**Problem**
As the output, give exactly the lines that run from the one with "CC Women’s Ivory" through the end of the records below, and omit pictures.

Stored records
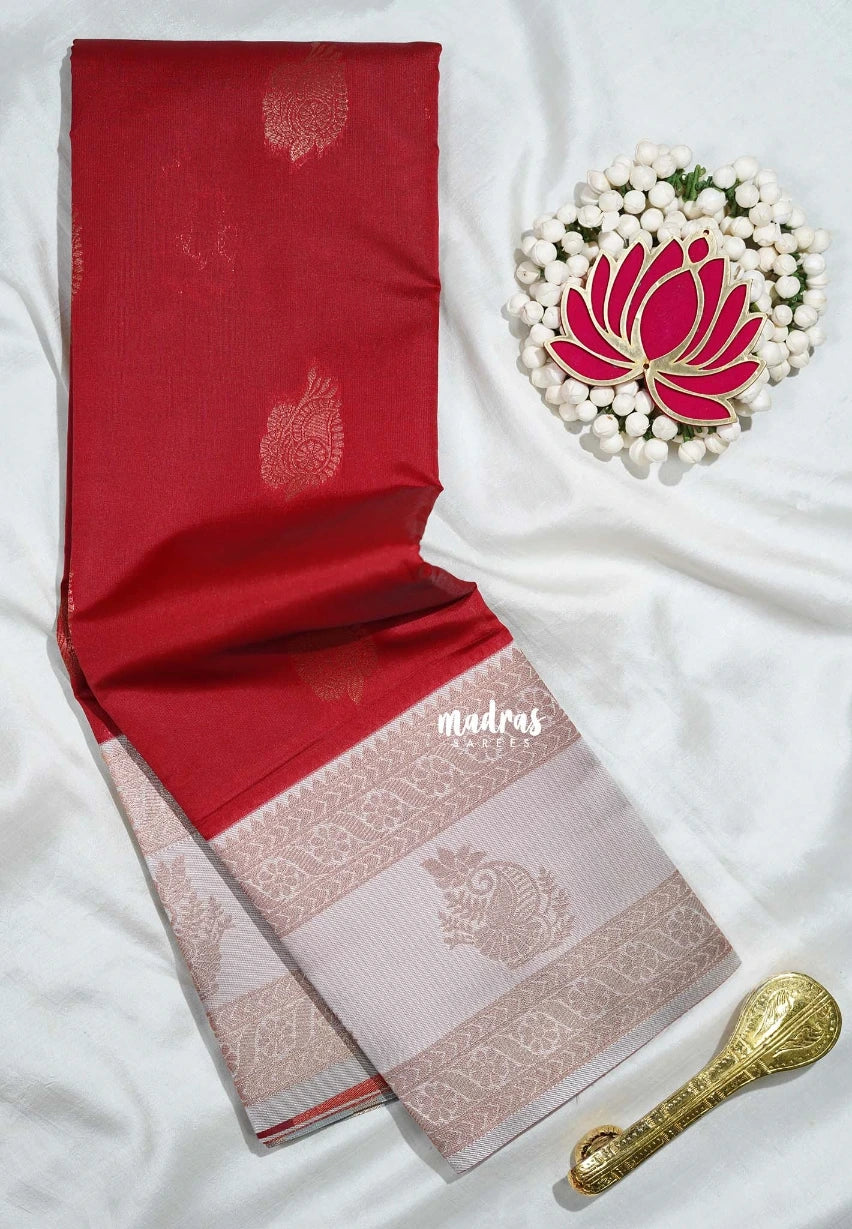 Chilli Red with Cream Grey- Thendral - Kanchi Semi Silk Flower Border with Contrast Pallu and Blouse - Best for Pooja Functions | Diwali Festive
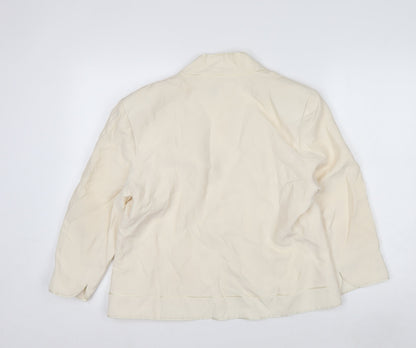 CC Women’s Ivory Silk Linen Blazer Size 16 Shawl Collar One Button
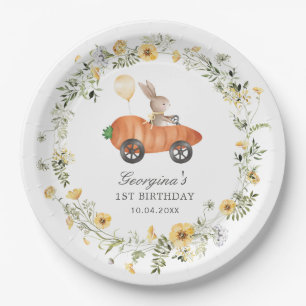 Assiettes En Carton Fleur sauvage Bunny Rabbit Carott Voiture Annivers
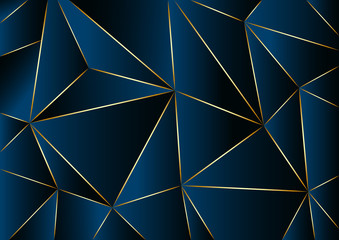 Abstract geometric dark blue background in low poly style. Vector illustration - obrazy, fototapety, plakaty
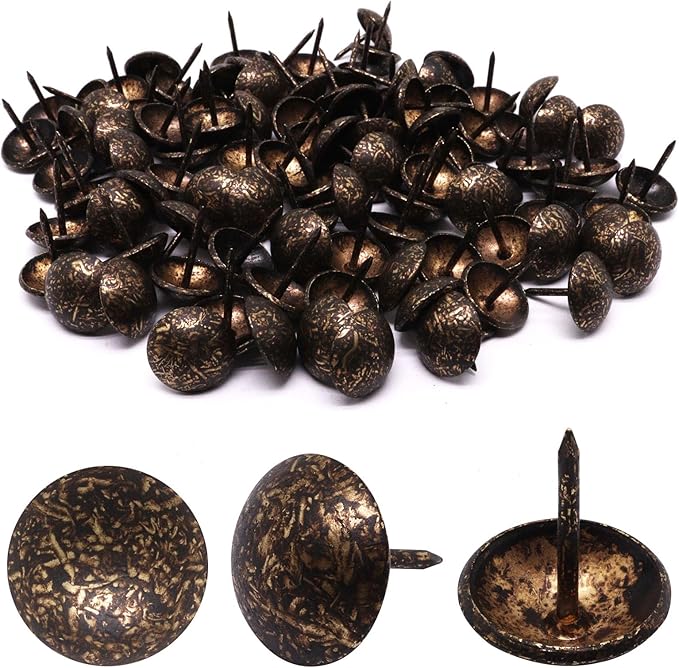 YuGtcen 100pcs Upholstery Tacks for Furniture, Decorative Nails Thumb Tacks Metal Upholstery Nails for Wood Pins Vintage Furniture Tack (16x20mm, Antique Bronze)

**Output of the task**
 CC Women’s Ivory Silk Linen Blazer Size 16 Shawl Collar One Button
 Assiettes En Carton Fleur sauvage Bunny Rabbit Carott Voiture Annivers
 Abstract geometric dark blue background in low poly style. Vector illustration - obrazy, fototapety, plakaty
 YuGtcen 100pcs Upholstery Tacks for Furniture, Decorative Nails Thumb Tacks Metal Upholstery Nails for Wood Pins Vintage Furniture Tack (16x20mm, Antique Bronze)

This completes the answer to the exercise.